For long-term hunkering down, you really need four solid walls and a room. A travel trailer or tent gets way too cramped for long-term living, and there’s not a lot of room for food storage.
Be sure your home is well insulated and has plenty of windows. In warm climates, you probably won’t have the capability to run air conditioning or even fans (which is when opening a window can come in handy). In cold climates, insulation added while times are good will reduce the amount of fuel you’ll need to keep you warm in the winter.
Windows will also let in natural light, reducing the fuel you’ll need to see during the days. We have south-facing floor-to-ceiling patio door windows to let in warm sunlight in the winter months.
Water
Most folks have a well with an electric pump or a community water system. Neither is going to work without electricity if the power is down.
Three of my homesteads have had gravity-fed springs piped into the house. These required no electricity in order to have water and water pressure (albeit minimal) to the house. Since then, I’ve discovered I could have had a driving shower by simply installing a 12-volt pump with battery and charger in the bathroom vanity base to increase the water pressure on demand. A 12-volt pump costs under $100.
On our current homestead, our well is 375 feet deep and water is supplied to our home by a 220-volt submersible pump. Unfortunately, to get water we have to run our generator. This fills up our 600 gallons of water storage tanks in the basement. Water pressure to our fixtures is provided by a 12-volt water pump and batteries, charged by our solar panels and wind charger. But this system still needed gas to run the generator.

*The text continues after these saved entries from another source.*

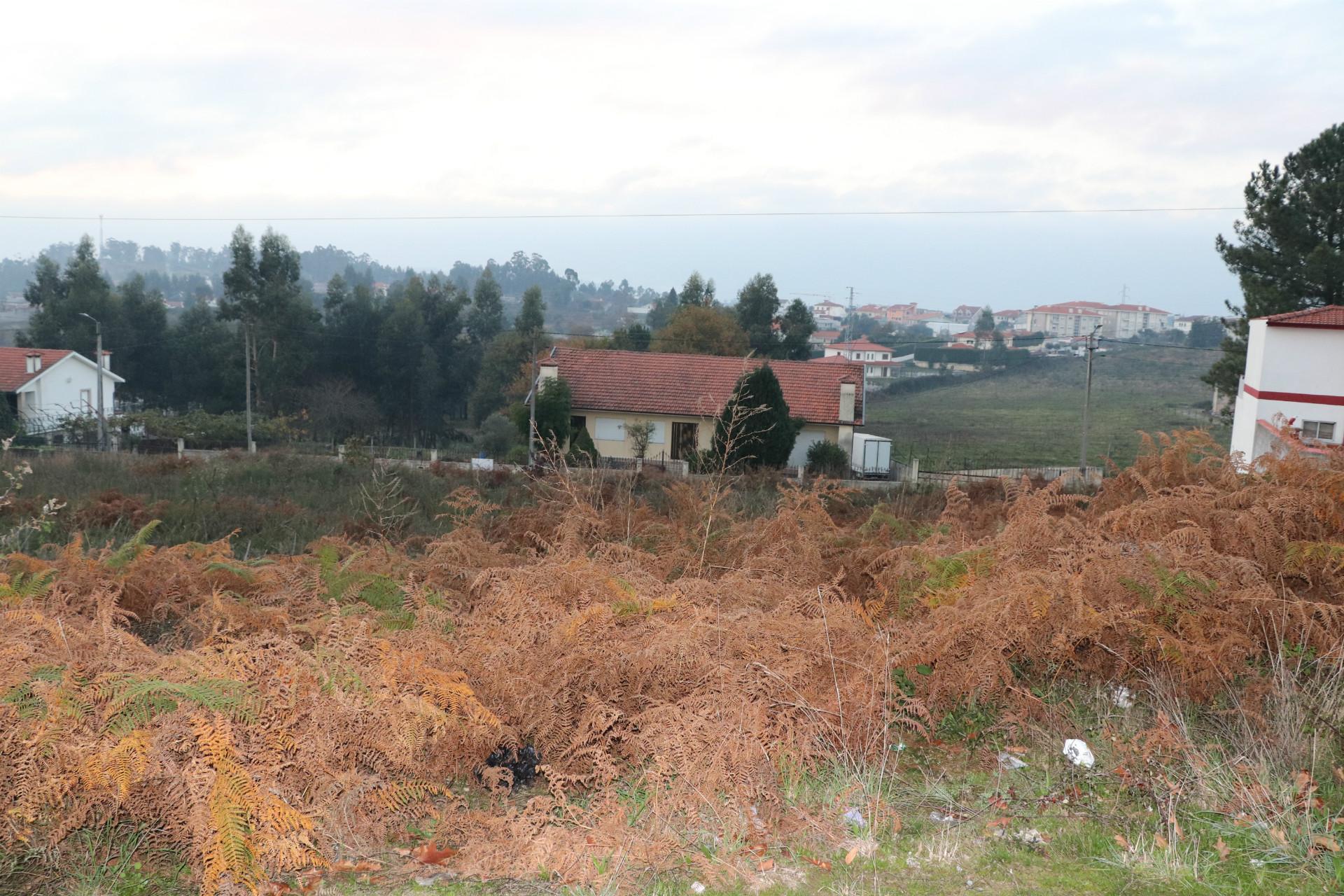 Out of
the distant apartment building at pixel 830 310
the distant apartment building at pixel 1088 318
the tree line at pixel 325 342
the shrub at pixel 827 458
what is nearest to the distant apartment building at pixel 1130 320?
the distant apartment building at pixel 1088 318

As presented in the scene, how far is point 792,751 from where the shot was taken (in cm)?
405

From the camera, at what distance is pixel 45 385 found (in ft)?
127

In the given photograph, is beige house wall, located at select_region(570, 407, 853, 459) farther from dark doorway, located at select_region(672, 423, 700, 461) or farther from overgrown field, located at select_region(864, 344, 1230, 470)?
overgrown field, located at select_region(864, 344, 1230, 470)

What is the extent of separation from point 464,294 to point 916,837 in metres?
50.1

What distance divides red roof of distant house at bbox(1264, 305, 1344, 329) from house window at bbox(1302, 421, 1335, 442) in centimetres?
177

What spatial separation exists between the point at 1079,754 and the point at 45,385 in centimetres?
4371

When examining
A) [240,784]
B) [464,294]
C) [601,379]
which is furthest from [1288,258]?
[464,294]

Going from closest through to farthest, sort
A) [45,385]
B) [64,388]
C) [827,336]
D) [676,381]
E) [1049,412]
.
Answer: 1. [676,381]
2. [45,385]
3. [64,388]
4. [1049,412]
5. [827,336]

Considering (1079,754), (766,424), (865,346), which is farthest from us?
(865,346)

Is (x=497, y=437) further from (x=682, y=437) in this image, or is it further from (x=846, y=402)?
(x=846, y=402)

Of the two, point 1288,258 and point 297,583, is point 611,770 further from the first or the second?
point 1288,258

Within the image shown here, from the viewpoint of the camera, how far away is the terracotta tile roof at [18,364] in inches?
1473

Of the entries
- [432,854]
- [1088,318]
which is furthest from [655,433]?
[1088,318]

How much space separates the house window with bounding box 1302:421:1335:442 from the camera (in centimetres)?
1770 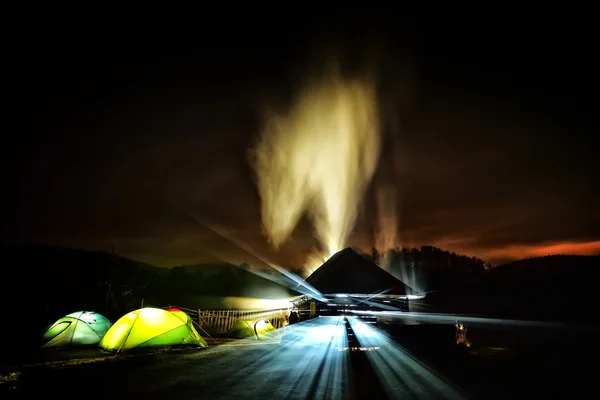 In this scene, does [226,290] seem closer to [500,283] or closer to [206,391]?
[500,283]

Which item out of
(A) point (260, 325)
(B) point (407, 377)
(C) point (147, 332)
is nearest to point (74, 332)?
(C) point (147, 332)

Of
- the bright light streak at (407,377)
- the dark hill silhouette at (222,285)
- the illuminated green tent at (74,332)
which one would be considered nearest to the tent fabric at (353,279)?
the dark hill silhouette at (222,285)

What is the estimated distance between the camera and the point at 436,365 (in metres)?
13.5

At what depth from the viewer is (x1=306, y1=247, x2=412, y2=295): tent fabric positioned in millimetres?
59781

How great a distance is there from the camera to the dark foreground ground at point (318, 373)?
964 cm

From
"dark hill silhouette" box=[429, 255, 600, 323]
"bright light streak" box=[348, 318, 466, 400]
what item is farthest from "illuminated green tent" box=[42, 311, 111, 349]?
"dark hill silhouette" box=[429, 255, 600, 323]

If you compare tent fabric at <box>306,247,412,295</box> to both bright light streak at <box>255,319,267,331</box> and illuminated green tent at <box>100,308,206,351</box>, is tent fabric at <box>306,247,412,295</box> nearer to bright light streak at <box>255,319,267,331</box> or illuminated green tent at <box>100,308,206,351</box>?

So, my husband, Will, developed a shallow well with a homemade point, installing a 110-volt submersible pump which will run off our solar and wind capabilities. It provides water to the barn, but it can be switched to supply both the barn and house, if need be.
Having any source of water nearby is a bonus. Even a river, creek, lake, or pond is a huge asset. From these sources, you can get water to bathe, wash clothes, and water your livestock. And with treatment via a good water filter (such as a Berkey), you can use it for emergency drinking water. Even straining this water through a clean cloth, then boiling it will render it fit to drink if you must. One year, our water line froze, so we had to get through three months of winter using just melted snow and about 400 gallons of stored water in our basement tanks. This was not ideal, but it worked.
Washing clothes & bathing
A conventional washer and dryer will no longer be an option for most folks in a long-term survival situation. These appliances use way too much electricity and water.
I’ve used a wringer washer for the last 40 years. (Before that, I used a washboard.) A wringer washer will not only get your clothes cleaner than a conventional washer but will use about 40 gallons less water, too.
With a start-up from the generator, it will continue running on our inverter, powered by a battery bank charged by our wind charger and solar panels.
Although I currently have a propane dryer, I still have clotheslines.
Bathing or taking a shower is something folks don’t think about while considering a survival situation. When we lived in Montana, we alternated between using a solar shower hung on a tree in the summer to that same shower hung above our clawfoot bathtub in the winter. I’d heat the water in a canning kettle then we’d pour the deliciously hot water into the solar shower bag and hang it up. By working quickly, both of us could take a shower and wash our hair. My son, David, took his bath in a washtub in front of the wood cook stove.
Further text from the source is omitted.